Não daria para falar de um verdadeiro projeto de dominação total? O de um “cientificismo utilitarista e redutor, que só admite quando domina, que não sabe imaginar nada que seja gratuito, não patenteável, não manipulável”? Em resumo, uma “tentativa de suplantar a natureza (externa e interna ao homem), de eliminar a última resistência à dominação do racionalismo tecnológico”. Riesel não pára de enfatizar a ligação entre o gigantismo tecnocientífico e a religião do progresso, em que, como Hannah Arendt deixa claro, se lê uma vontade de acabar com qualquer singularidade para não ter mais necessidade senão de si mesmo, de suas próprias operações54. A denúncia da espiral delirante do “artificialismo” não tem por objeto produzir, em um pólo diametralmente oposto, a imagem dourada de uma resistência que, fundamentalmente (mas não apenas), por meio da figura de José Bové, se teatraliza e parece se deixar pegar pela armadilha da personalização.

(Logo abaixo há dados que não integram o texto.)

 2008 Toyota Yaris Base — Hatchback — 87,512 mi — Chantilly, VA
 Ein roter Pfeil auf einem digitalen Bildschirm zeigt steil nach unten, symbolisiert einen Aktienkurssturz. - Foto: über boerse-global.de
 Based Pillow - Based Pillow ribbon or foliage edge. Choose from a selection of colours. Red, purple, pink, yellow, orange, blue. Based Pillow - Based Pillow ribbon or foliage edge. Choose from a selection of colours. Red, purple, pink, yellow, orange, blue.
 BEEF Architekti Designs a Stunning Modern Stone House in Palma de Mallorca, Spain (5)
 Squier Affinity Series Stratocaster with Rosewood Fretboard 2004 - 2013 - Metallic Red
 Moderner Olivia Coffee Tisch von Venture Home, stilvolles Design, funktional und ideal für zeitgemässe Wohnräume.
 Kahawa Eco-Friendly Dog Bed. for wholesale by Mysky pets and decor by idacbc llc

Será que se conserva uma coerência política quando, ao denunciar, com toda razão, a devastação do ultraliberalismo, não se hesita em se inserir, ao mesmo tempo, na lógica da moda dos talk shows liberais? Ainda mais porque essa lógica entusiasma: nas quermesses humanistas acontece o grande baile dos “especialistas” no salão do tribunal. Mas, concretamente, como perguntaria Jacques Rancière, autor de La nuit des prolétaires, poderiam existir especialistas em igualdade ou em liberdade65?
Relançar a questão da emancipação
Será que se conserva uma coerência política quando se denuncia a devastação do ultraliberalismo, mas se aceita a lógica da moda dos talk shows liberais?

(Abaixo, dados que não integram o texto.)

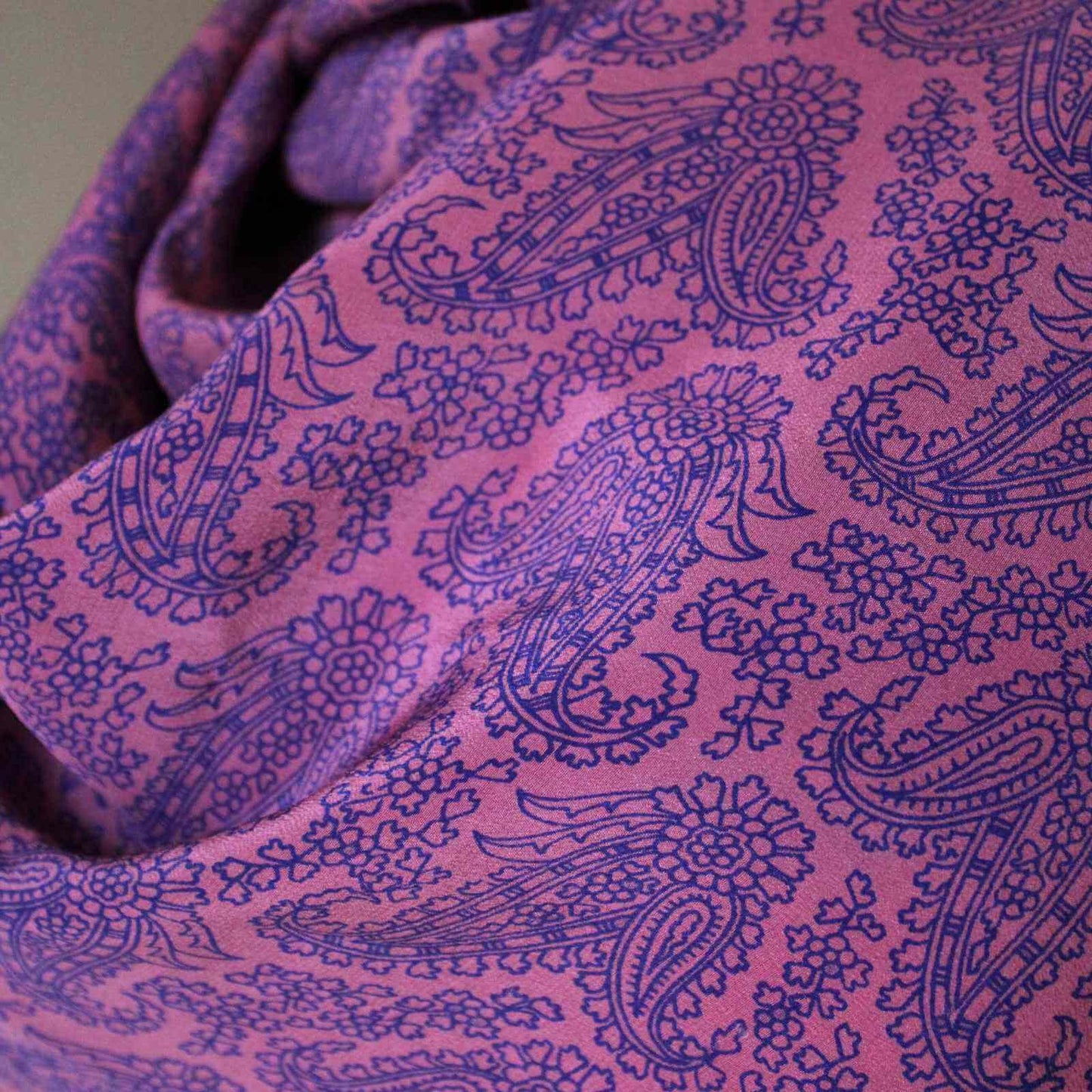 lilla og pink silkestof fra tørklæde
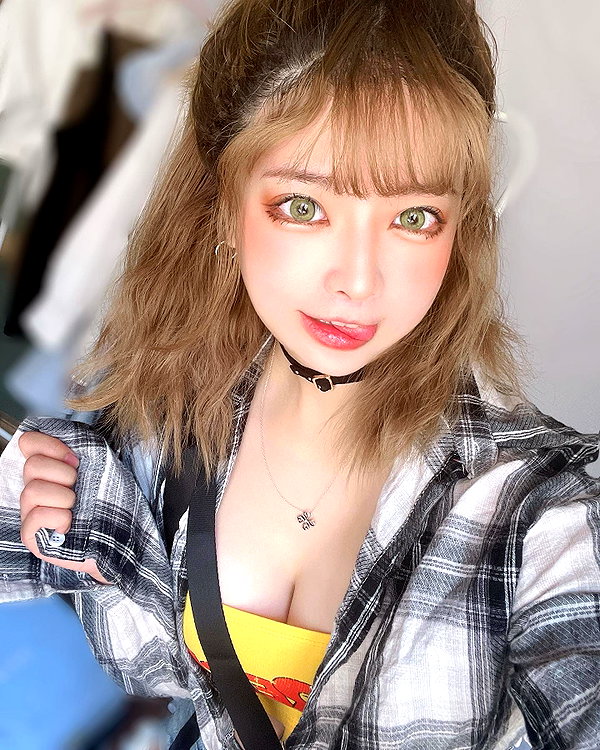 erokochiba instagram image archive image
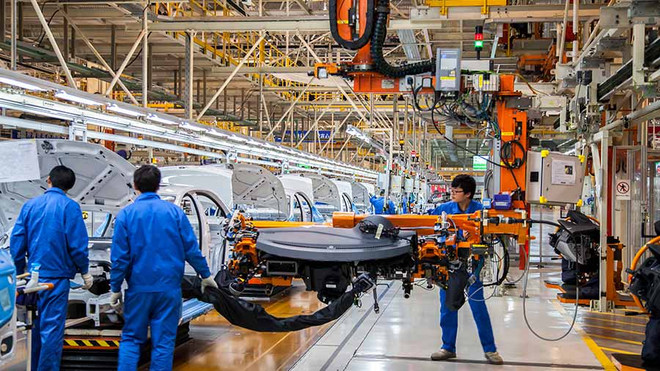 Công nhân Trung Quốc làm việc trong nhà máy lắp ráp ôtô của Trung Quốc. (Nguồn: China Briefing) Thị trường Trung Quốc vẫn là 'miền đất hứa' của các công ty Đức ảnh 1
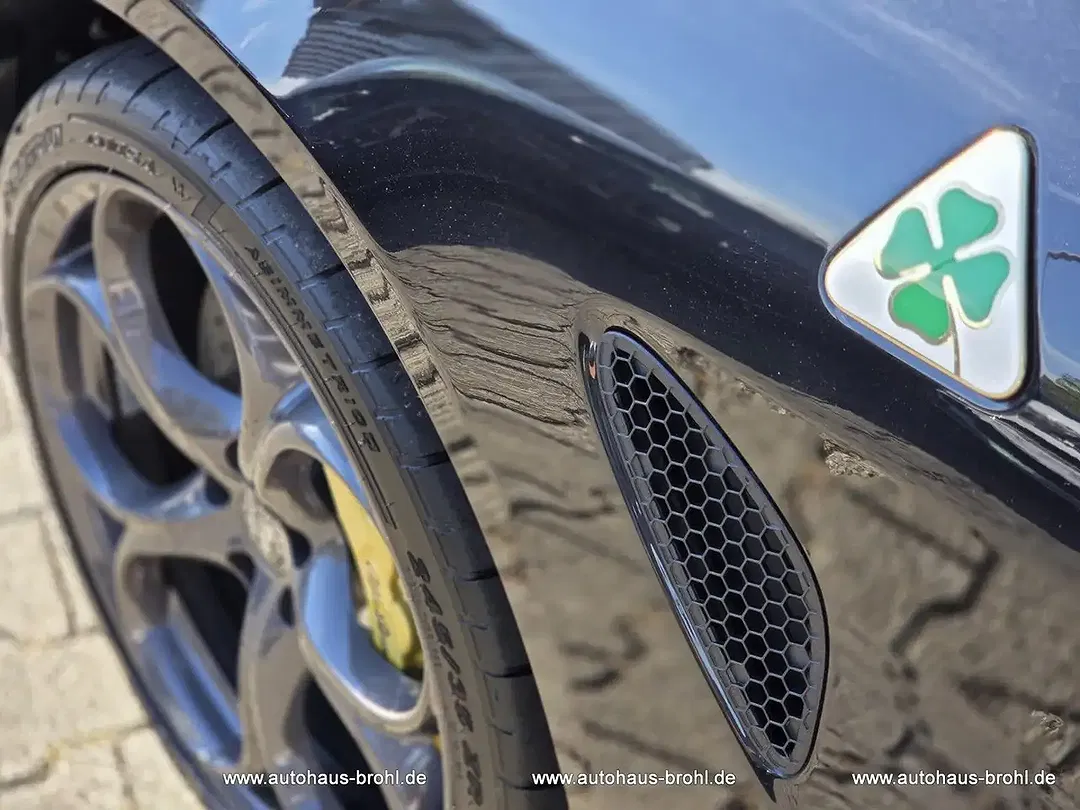Alfa Romeo Giulia - Thumbnail 8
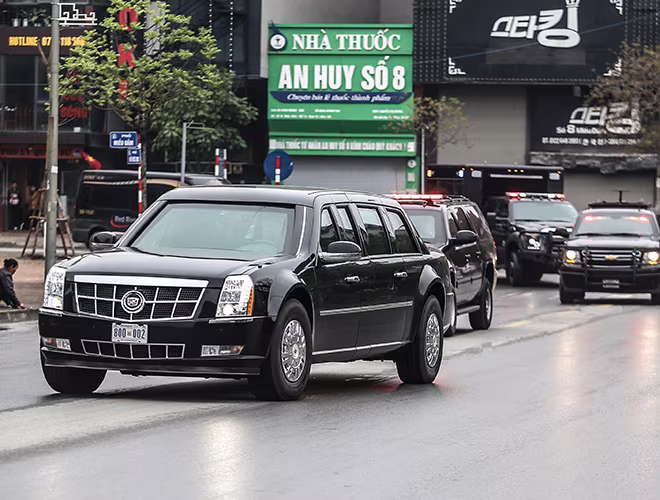 “Quái thú” là chiếc Cadillac One chạy trên đường phố Hà Nội. Đây là xe có khả năng chống bom, đạn, có trọng lượng khoảng 8 tấn.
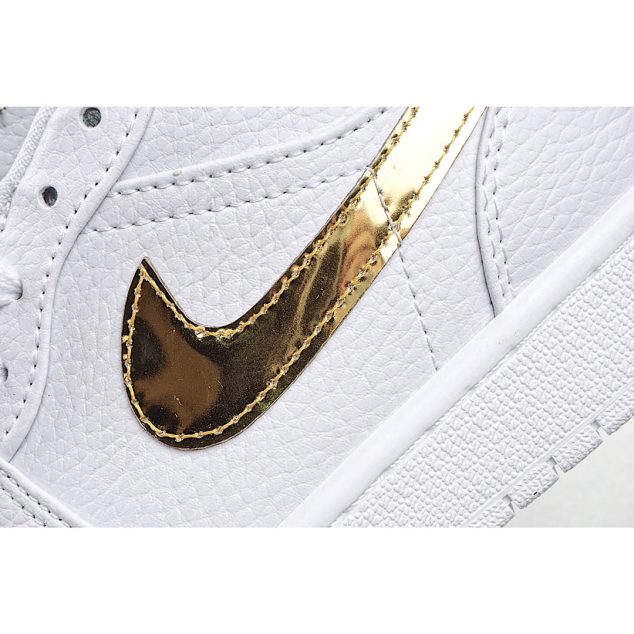  Wmns Air Jordan 1 Retro Low ‘White Metallic Gold’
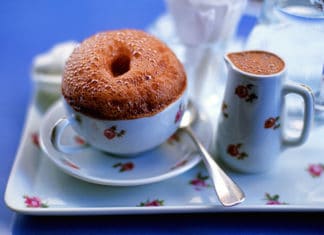 National Geographic: Baionan hartzen da “inoiz dastatu dudan txokolate berorik onena” AM27WM France, Pyrenees Atlantiques, Pays Basque, Bayonne, tea room, chocolate at Cazenave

Esse turbilhão dos meios de comunicação deve ser comparado à dinâmica específica do capitalismo, do reino da indústria cultural e de sua capacidade de digerir tudo, inclusive a subversão. Atualmente, o mercado da inquietação e da contestação carrega consigo um espectro muito amplo, de “princípios éticos” até canções de protesto de roqueiros contratados por alguns malandros transnacionais. Riesel explica: “Não se vai tentar acalmar a inquietação, pois ela se tornou um motor econômico e social reconhecido. Deve ser feito um empenho em avaliar a demanda social de proteção, em mostrar que o ‘risco’ é a condição, senão a essência, da sobrevivência em uma sociedade industrial, a única coisa que realmente dá seu preço às mercadorias garantidas. Ouviremos os ambientalistas e o ‘terceiro setor’, passaremos o microfone aos que trabalham com epistemologia – afinal de contas, são especialistas! –,os doutores em ética poderão concluir criticando os adoradores do bezerro de ouro.”

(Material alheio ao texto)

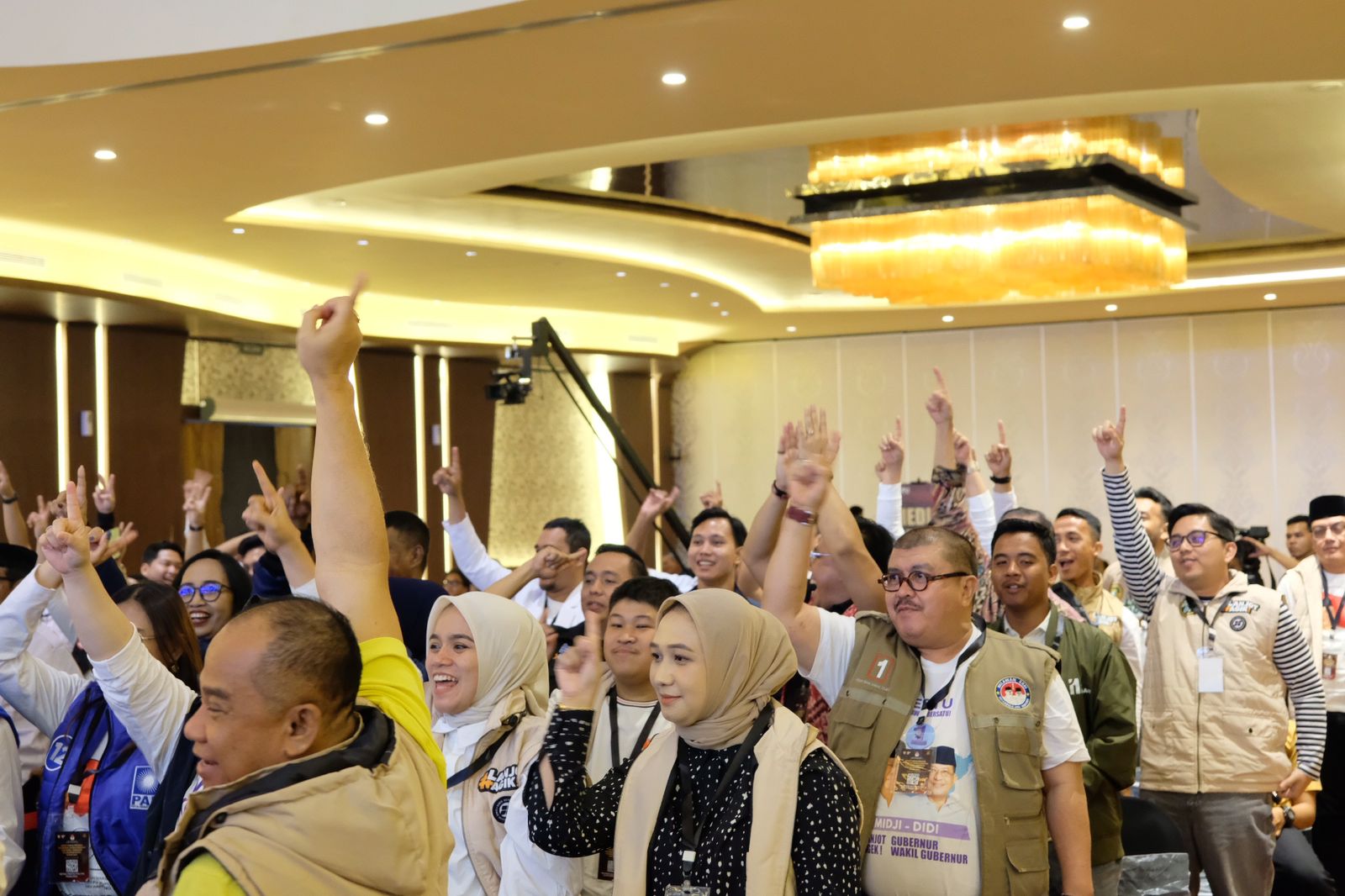 Foto: Sutarmidji-Didi Dinilai Punya Visi Misi Jelas dalam Debat Publik Pertama | Pifa Net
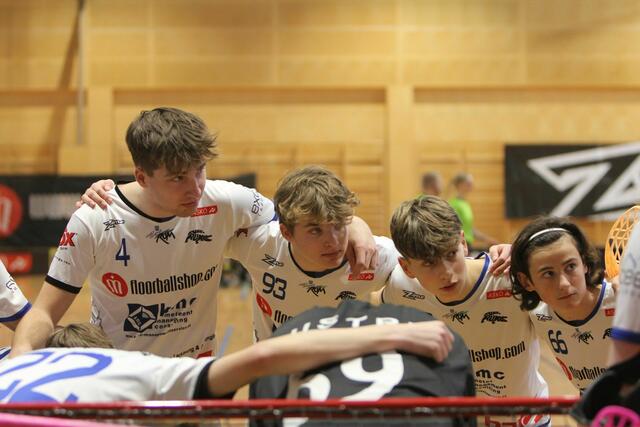 Voller Fokus auf das Spiel gegen die hotshots: Die junge Mannschaft des UHC Alligator Rum | Foto: UHC Alligator Rum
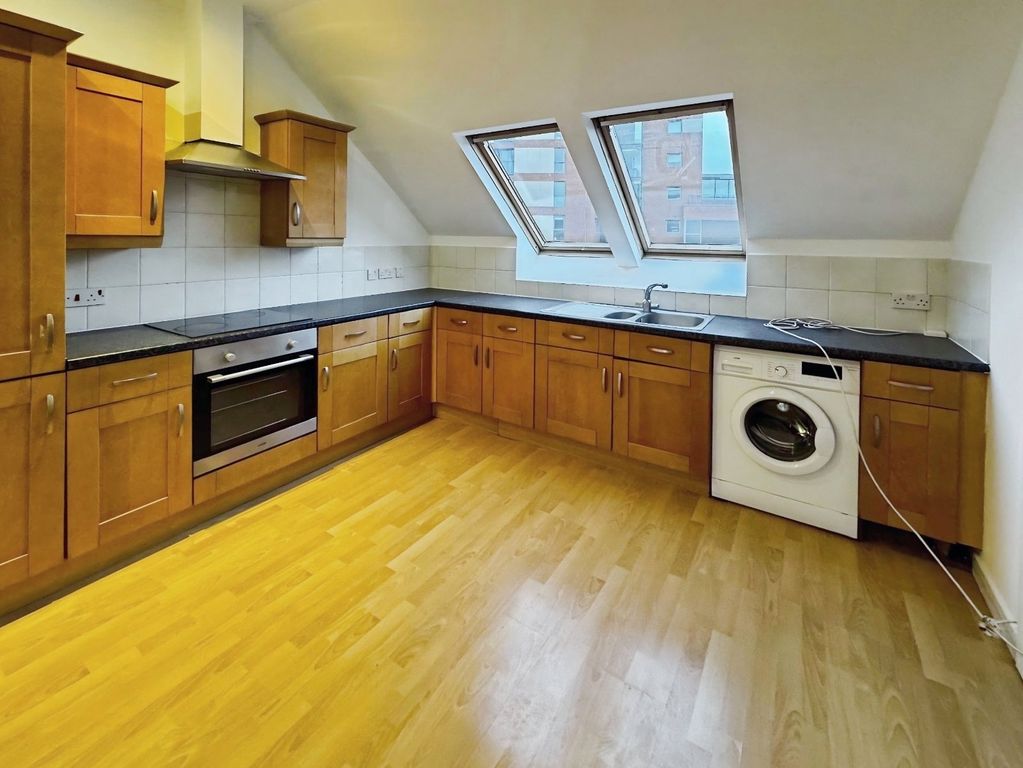Property photo 3 of 11 Picture No. 21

O que um tribunal condena, o motivo pelo qual um movimento pode ser perigoso para a ordem estabelecida e constituir, de fato, um contra-poder efetivo, não são “almoços de piquenique uma vez que a polícia esteja instalada”. Desde já, longe do folclore do “trotar dos cidadãos”, mas também distantes da vertigem histórica da imitação, segundo Riesel, temos de reinventar práticas políticas não domesticadas. Relançar, em novas bases, a questão da emancipação.


1 - N.T.: Ned Ludd foi um dos líderes operários no movimento de quebra das máquinas na Inglaterra, em 1811-1816, conduzido pelos que as consideravam causa da redução do emprego. O termo “luddita” passou a ser utilizado para designar qualquer oponente às mudanças tecnológicas.
2 - Quando citarmos René Riesel, vamos nos referir às suas duas obras publicadas pela Enciclopédia dos nocivos: Déclarations sur l’agriculture transgénique et ceux qui prétendent s’y opposer (2000), Aveux complets des véritables mobiles du crime commis au Cirad le 5 Juin 1999 ( Junho de 2001). Sobre os discípulos de Luddite, ler, de Kirkpatrick Sale, “Résistances américaines aux nouvelles technologies ”, Le Monde diplomatique, fevereiro de 1997.
3 - Ler, de Philipp Gottraux, Socialisme ou barbarie : un engagement politique et intellecuel dans la France de l’après guerre, Editions Payot, Lausanne, 1997.
4 - Ler, de Claude Lefort, Le travail de l’œuvre. Machiavel. Paris, Gallimard, 1972.
5 - Ler, de Etienne Tassin, Le trésor perdu. Hannah Arendt l’intelligence de l’action politique. Paris, Payot, Critique de la politique, 1999.
6 - Jacques Rancière, La Nuit des prolétaires: archives du rêve ouvrier, Fayard, Paris, 1981.